The Democrats repeatedly argued that a ‘missile gap’ existed between the USA and the USSR, and this became a decisive issue in John Kennedy’s winning election campaign in the run up to the 1960 Presidential elections. That Kennedy’s presidency was won on this premise illustrates that the Democrats were able to use Sputnik for political ‘leverage’: exploiting the concerns of the general public, who worried that America may lose power, prestige and international leadership.
The Sputnik bluff was therefore initially successful: it boosted Soviet prestige at the expense of the USA; marked a triumph for Soviet science and technology and changed world perceptions of the Soviet Union. Being the first into space meant that the USSR was viewed as a serious rival to the USA. This was later compounded by the Space Race, where the USA actively competed with the USSR for scientific and technological supremacy. The idea that America thus had to compete with the Soviet Union, not just militarily but in every walk of life, was established by Sputnik. Sputnik can therefore be seen as an ideological victory for the Soviet Union as it changed American perceptions of the USSR and set the tone for the remaining Cold War.
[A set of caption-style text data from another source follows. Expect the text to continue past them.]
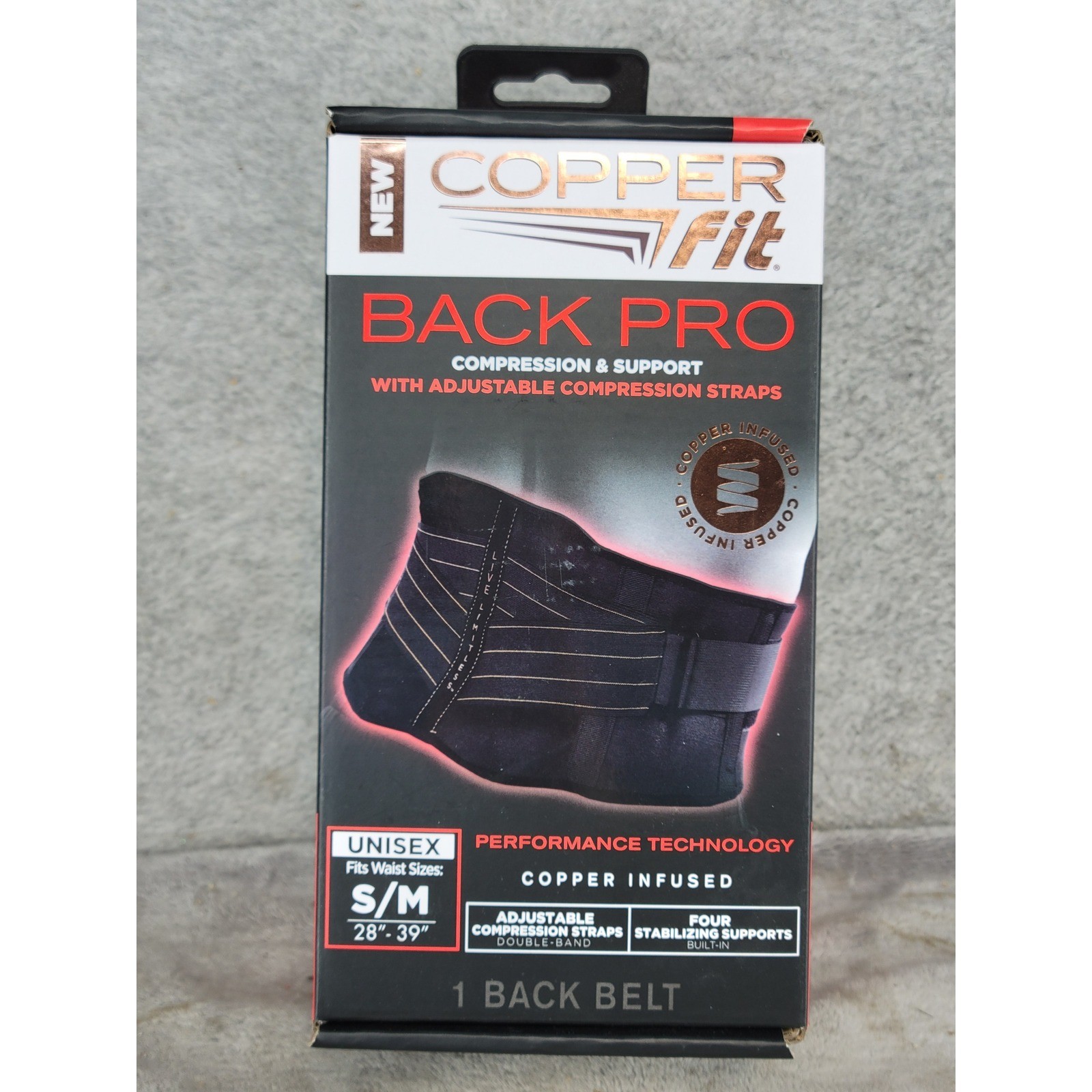 Copper Fit Back Pro Compression Support Belt Unisex S/M 28″-39″ Black 9.25″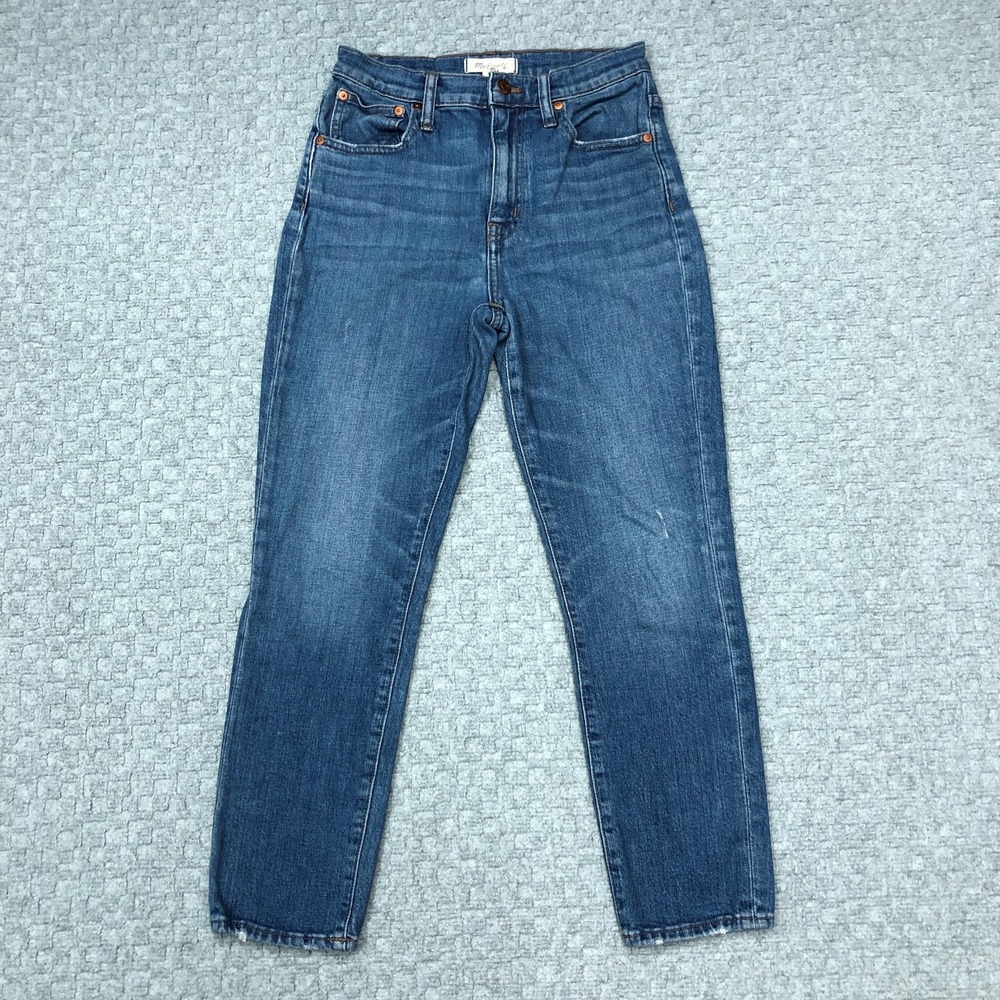 Madewell High-Rise Slim Crop Boyjean Jeans Womens 25 Blue Medium Wash Stretch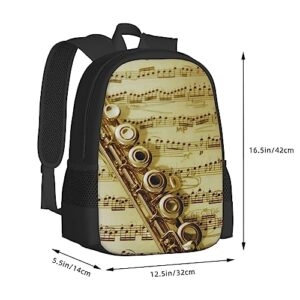 BAFAFA Flute Music Printed Large Backpack Travel Bag Business Work Daypack Laptop Backpacks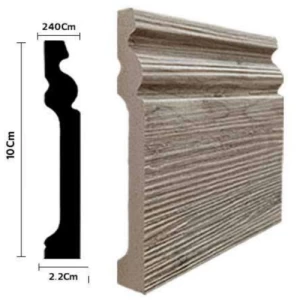 PS Fiber Colored Skirting, Size 240×10 cm, Wooden Color | PS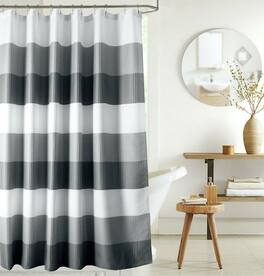 Kate Aurora - Spa Accents Striped Waffle Fabric Shower Curtains - 72in. W x72in. L - Charcoal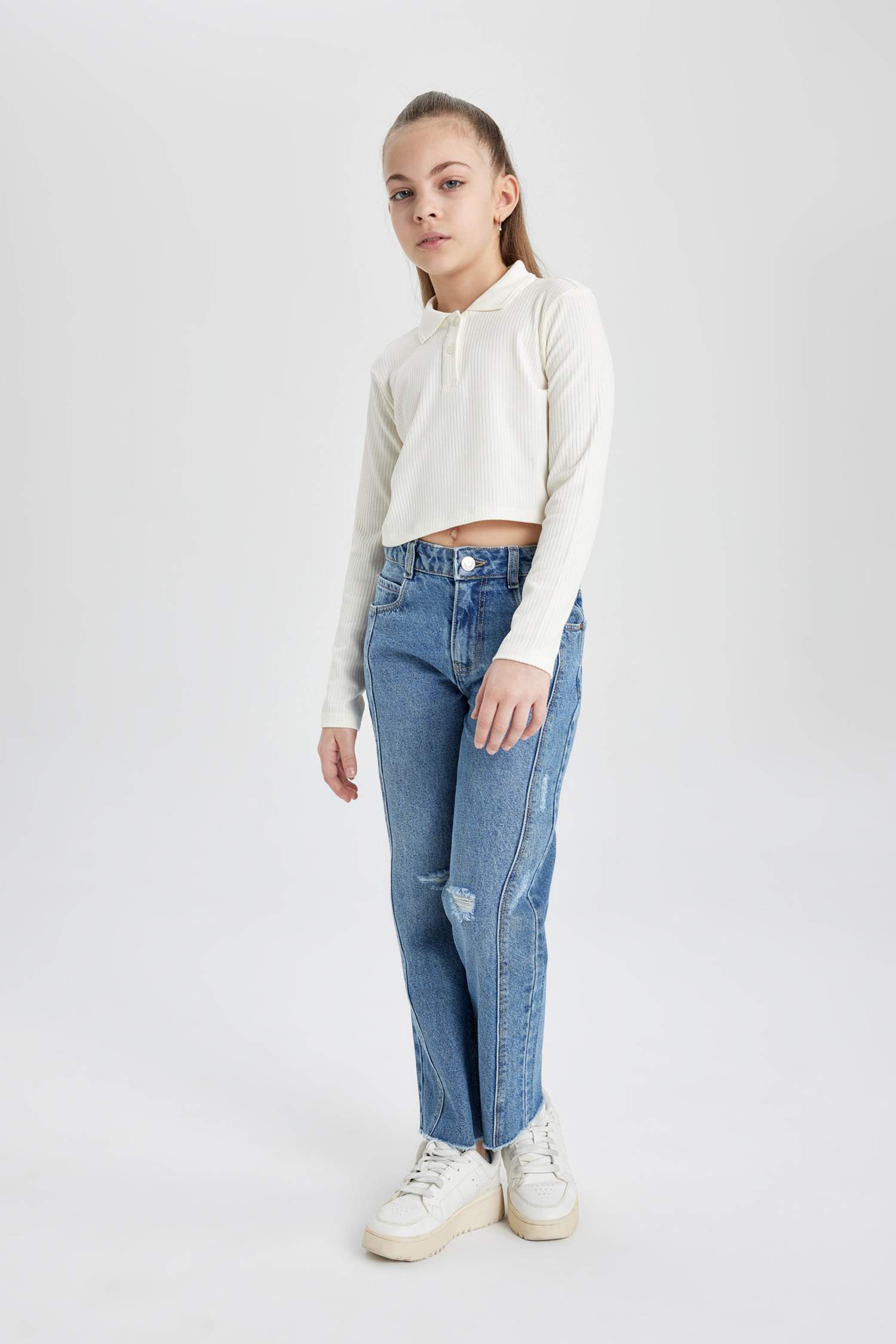 Kız Çocuk Polo Yaka Ribana Uzun Kollu Basic Düz Tişört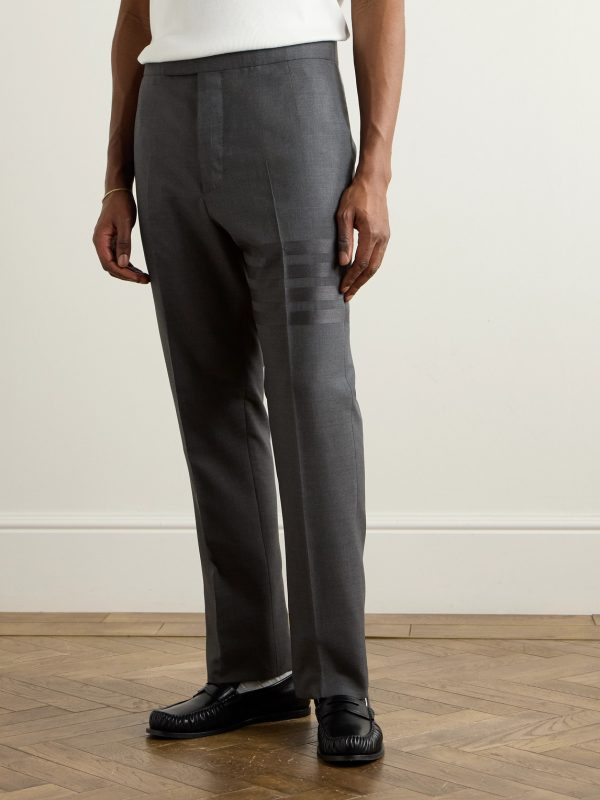 Slim-Fit Straight-Leg Pleated Wool Trousers - FR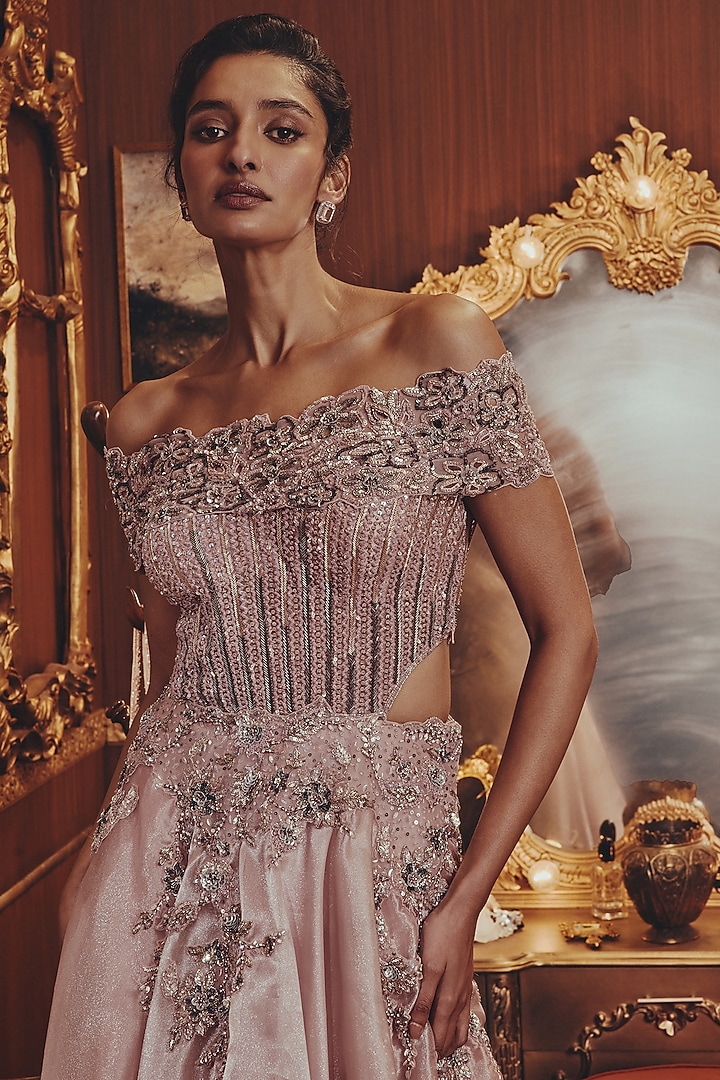 Pink Shimmer Organza Floral Embellished Off-Shoulder Engagement Gown by ROQA | Siddharth Khurana & Kartik Khurana at Pernia's Pop Up Shop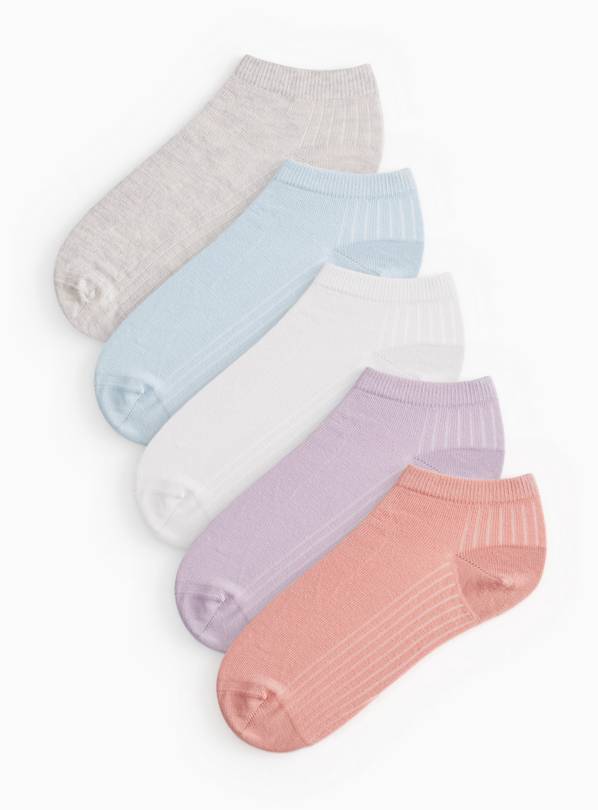 Assorted Shades Ribbed Trainer Socks 5 Pack 4-8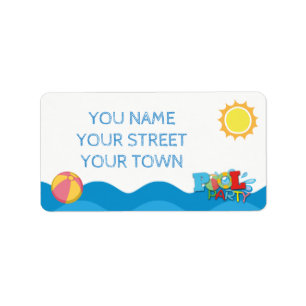 Pool Party Birthday Address Labels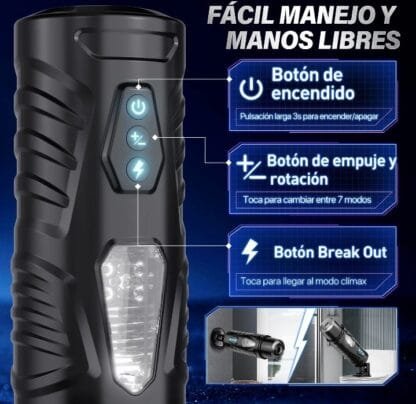 MASTURBADOR MASCULINO GIRATORIO TELESCOPICO - Imagen 3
Sputnik also had a galvanising effect on American missile development and by 1960 the USA had begun to overtake the Soviets in numbers of ICBMs, while also retaining its large nuclear bomber fleet. Sputnik precipitated this galvanisation and so ironically, actually helped to put more nuclear pressure on the Soviet Union. As Sputnik served to strengthen America’s position in real terms while offering only the illusion of strength to the USSR, as a bluff it was ultimately to be to their detriment. This gulf, between the perceived Soviet capabilities that Sputnik granted and the reality of the situation, would go on to have several further influences on the Cold War.
Sputnik: The Wider Impact
One key impact was that Khrushchev sought to address the growing nuclear imbalance by placing missiles in Cuba, sparking the now infamous Cuban Missile Crisis of 1962. A Soviet memorandum from the 24th May 1962 outlined Soviet plans to place launchers and a missile division on Cuban soil. Placing missiles in Cuba marked a shift, as the Soviet Union now had missiles capable of threatening the USA with nuclear strikes. Khrushchev stated that levelling the nuclear balance of power was the principal aim of his decision to place missiles in Cuba in his memoirs. He asserted ‘We had to establish a tangible and effective deterrent to American interference in the Caribbean’ and went on to acknowledge how unfavourable the nuclear balance of power between the USA and USSR was at that time because ‘The United States had already surrounded the Soviet Union with its own bomber bases and missiles. We knew that American missiles were aimed against us in Turkey and Italy, to say nothing of West Germany’ (Khrushchev Remembers, Penguin, 1977). This suggests that the skewered balance of power created by Sputnik was a primary motivation for the Cuban Missile Crisis.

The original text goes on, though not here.